> _WHAT THE TASK ASKS_: Beneath this line sits some data. Return only its lines from the one holding "T-shirt Funny Moustache Robot" through the one holding "Needlepoint Kit for", inclusive, exactly, with the images removed.

> _STUDY MATERIAL_:
[Start of section]

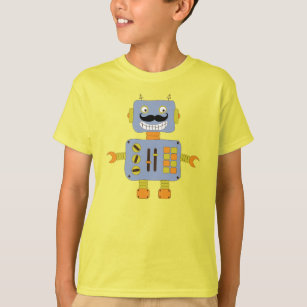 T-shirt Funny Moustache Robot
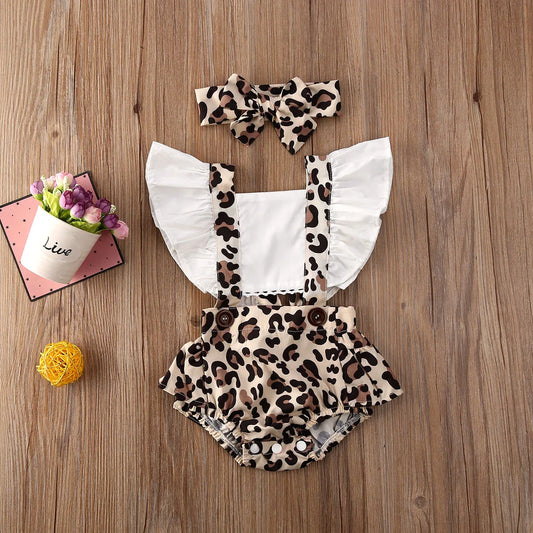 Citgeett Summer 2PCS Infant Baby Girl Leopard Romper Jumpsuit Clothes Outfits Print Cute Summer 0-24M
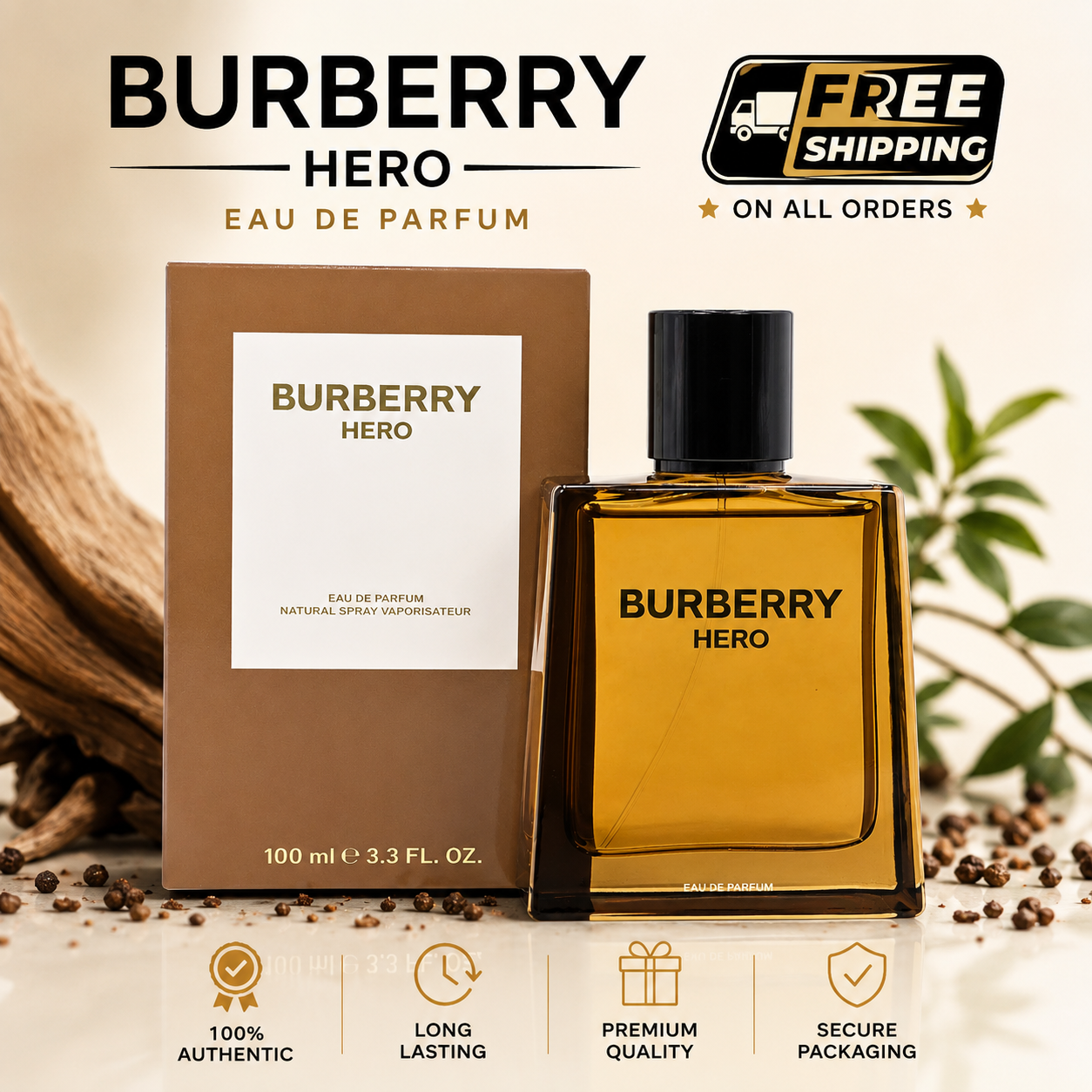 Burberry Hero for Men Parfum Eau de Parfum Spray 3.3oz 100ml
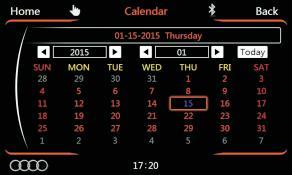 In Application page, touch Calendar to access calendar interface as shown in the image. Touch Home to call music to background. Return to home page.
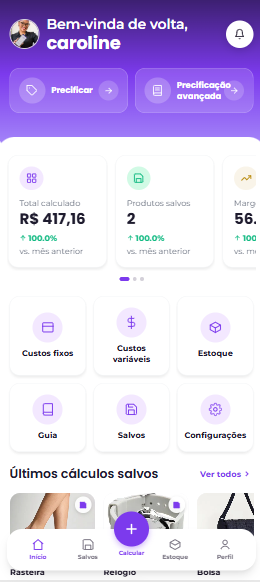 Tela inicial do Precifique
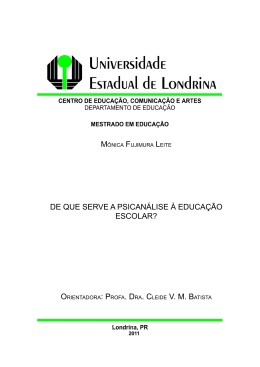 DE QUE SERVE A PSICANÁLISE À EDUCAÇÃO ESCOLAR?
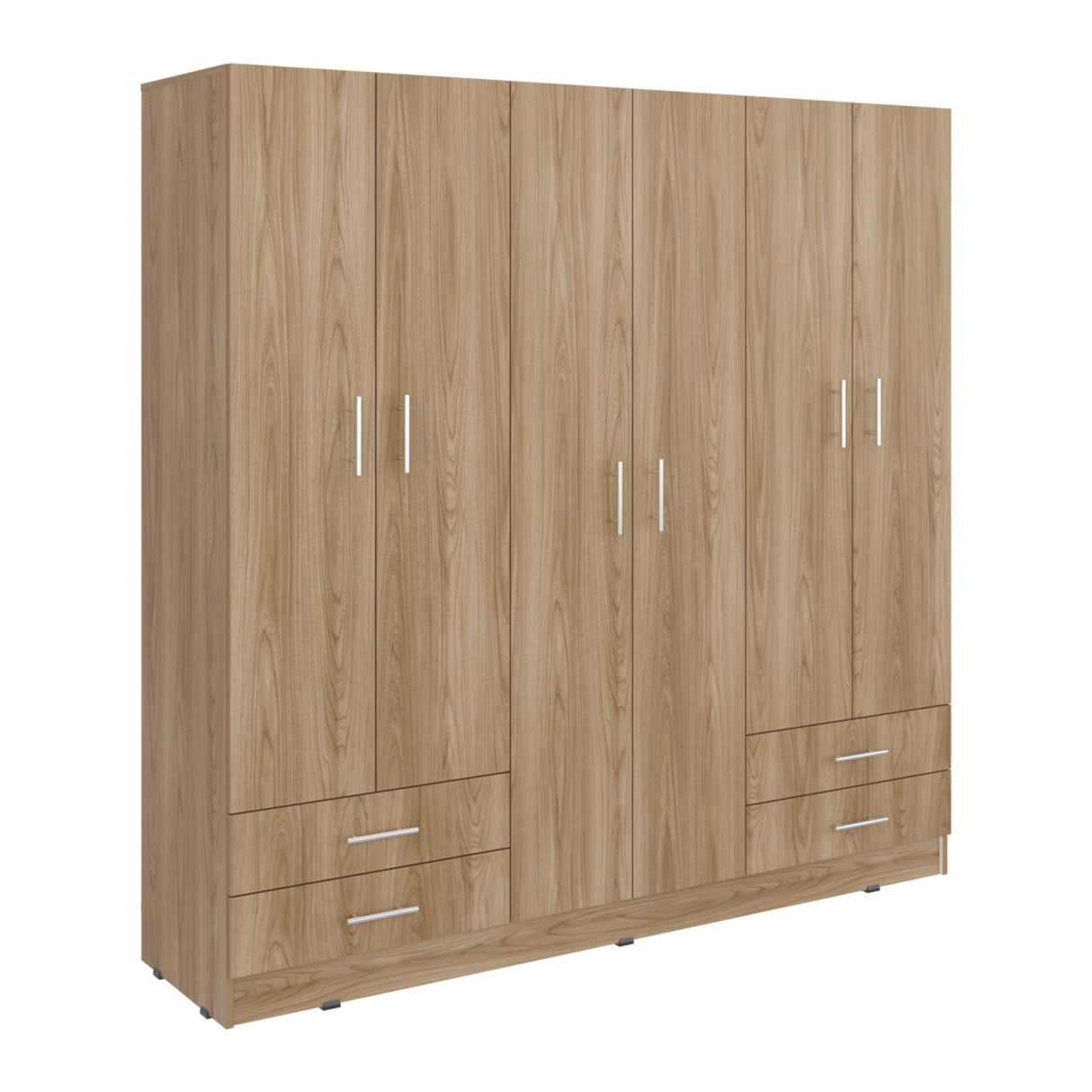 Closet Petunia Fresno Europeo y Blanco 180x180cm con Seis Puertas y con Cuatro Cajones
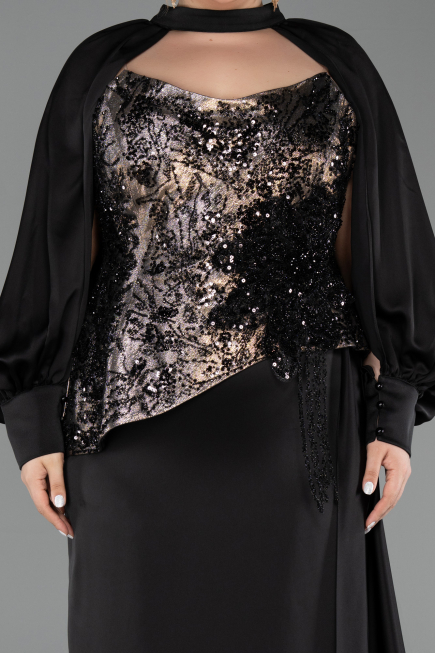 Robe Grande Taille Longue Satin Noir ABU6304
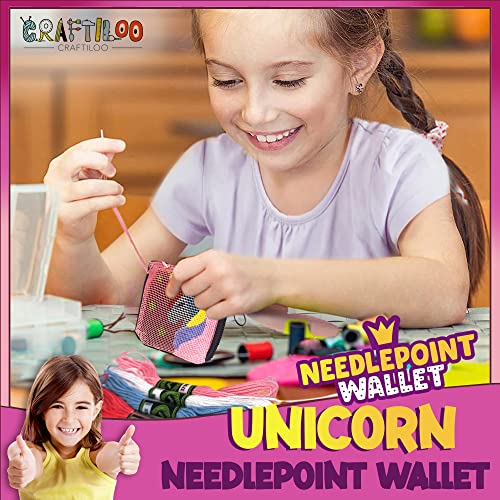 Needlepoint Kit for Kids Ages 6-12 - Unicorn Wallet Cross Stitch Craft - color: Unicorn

[End of section]
[Start of section]

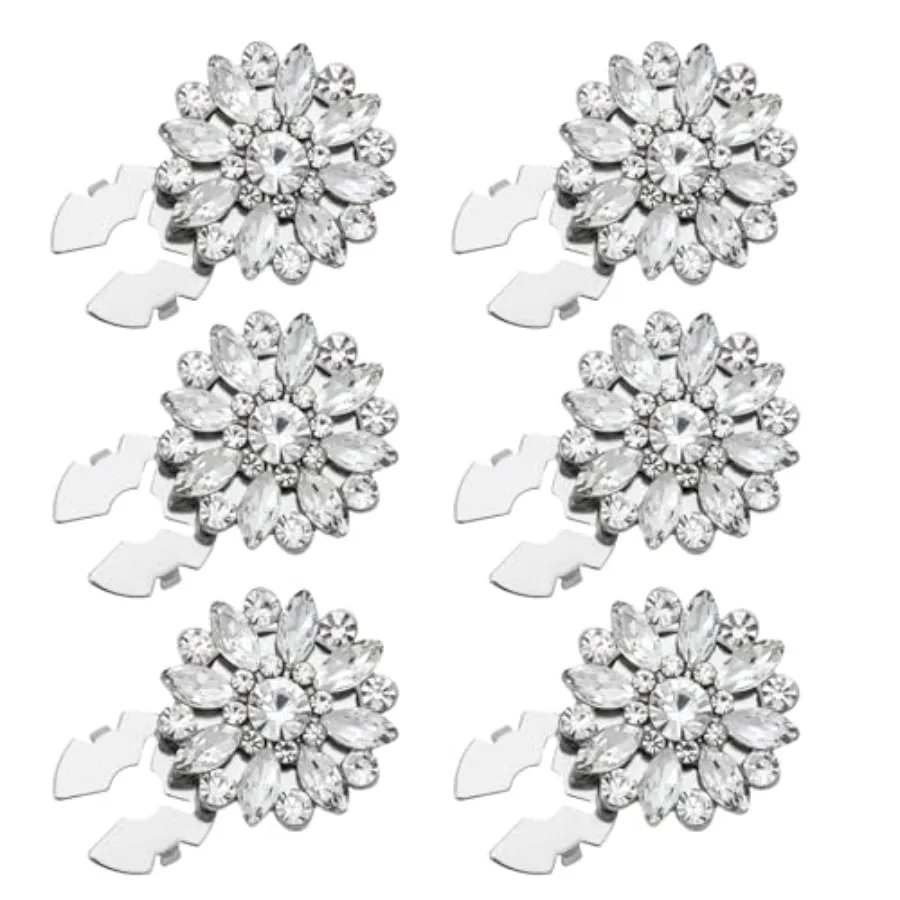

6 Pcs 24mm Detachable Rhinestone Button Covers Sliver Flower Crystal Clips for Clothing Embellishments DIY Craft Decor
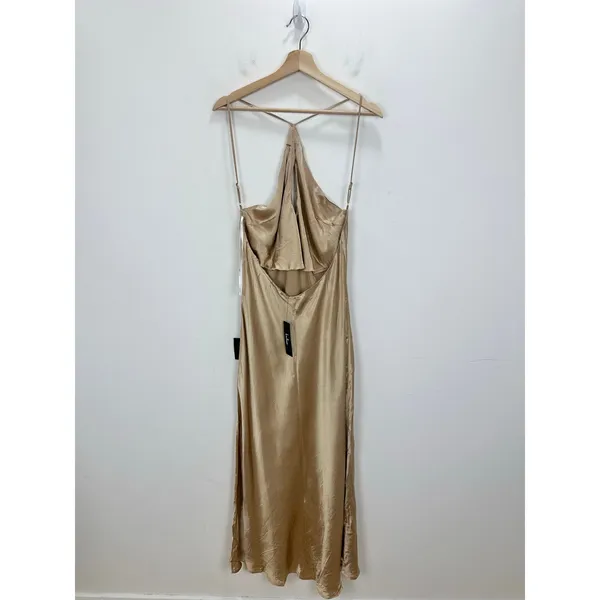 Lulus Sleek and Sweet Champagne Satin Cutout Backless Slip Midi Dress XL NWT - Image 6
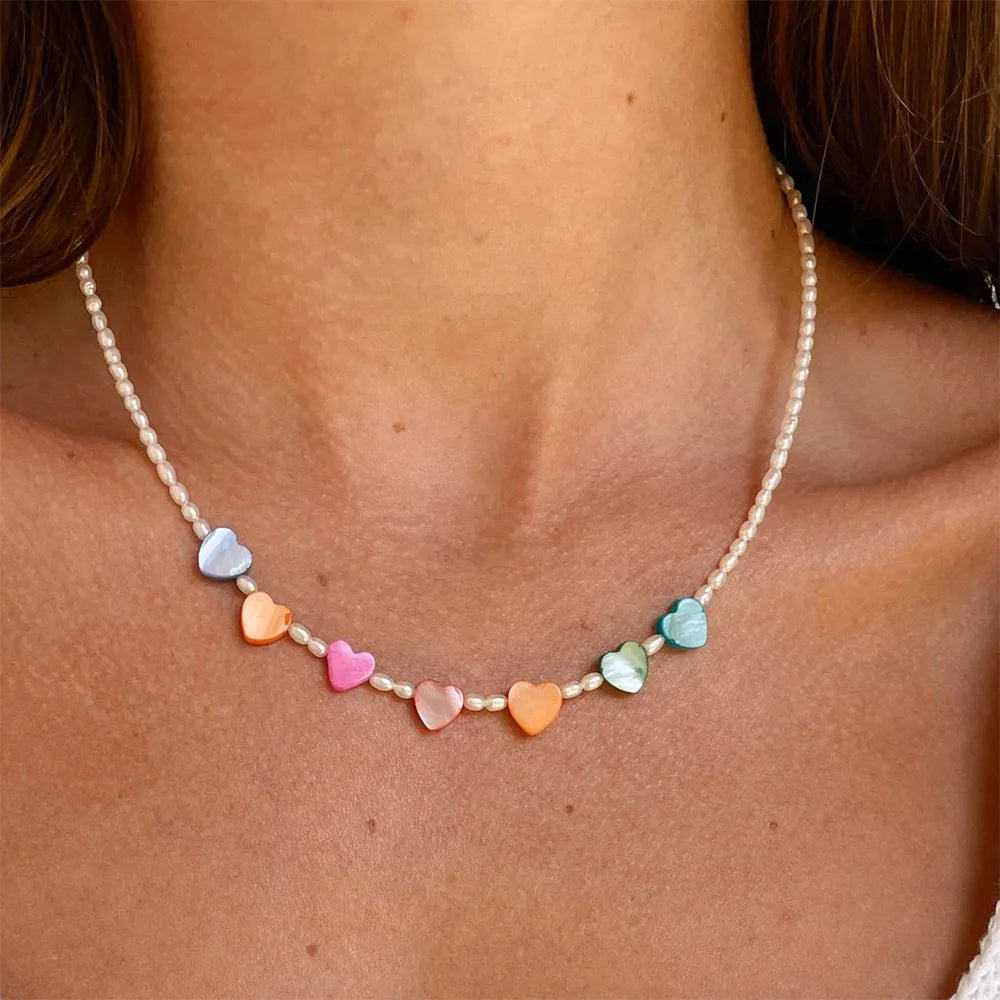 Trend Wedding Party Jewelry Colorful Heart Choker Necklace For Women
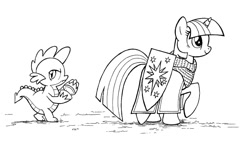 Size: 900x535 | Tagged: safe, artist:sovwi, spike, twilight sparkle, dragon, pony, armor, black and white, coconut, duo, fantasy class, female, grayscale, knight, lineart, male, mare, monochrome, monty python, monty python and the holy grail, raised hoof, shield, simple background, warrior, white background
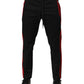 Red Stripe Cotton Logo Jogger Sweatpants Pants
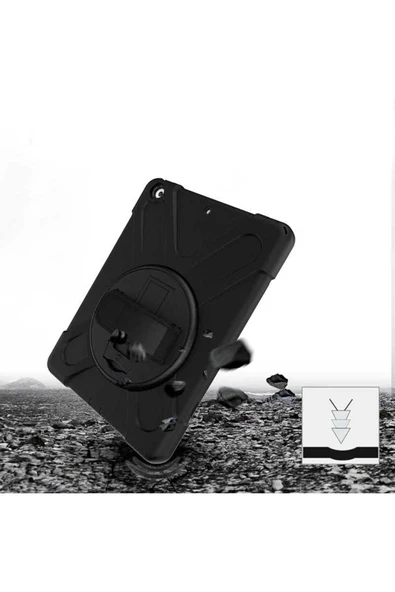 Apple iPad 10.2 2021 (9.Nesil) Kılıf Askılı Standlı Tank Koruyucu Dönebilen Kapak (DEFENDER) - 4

[End of section]

> _PROBLEM SOLUTION_:
 T-shirt Funny Moustache Robot
 Citgeett Summer 2PCS Infant Baby Girl Leopard Romper Jumpsuit Clothes Outfits Print Cute Summer 0-24M
 Burberry Hero for Men Parfum Eau de Parfum Spray 3.3oz 100ml
 In Application page, touch Calendar to access calendar interface as shown in the image. Touch Home to call music to background. Return to home page.
 Tela inicial do Precifique
 DE QUE SERVE A PSICANÁLISE À EDUCAÇÃO ESCOLAR?
 Closet Petunia Fresno Europeo y Blanco 180x180cm con Seis Puertas y con Cuatro Cajones
 Robe Grande Taille Longue Satin Noir ABU6304
 Needlepoint Kit for Kids Ages 6-12 - Unicorn Wallet Cross Stitch Craft - color: Unicorn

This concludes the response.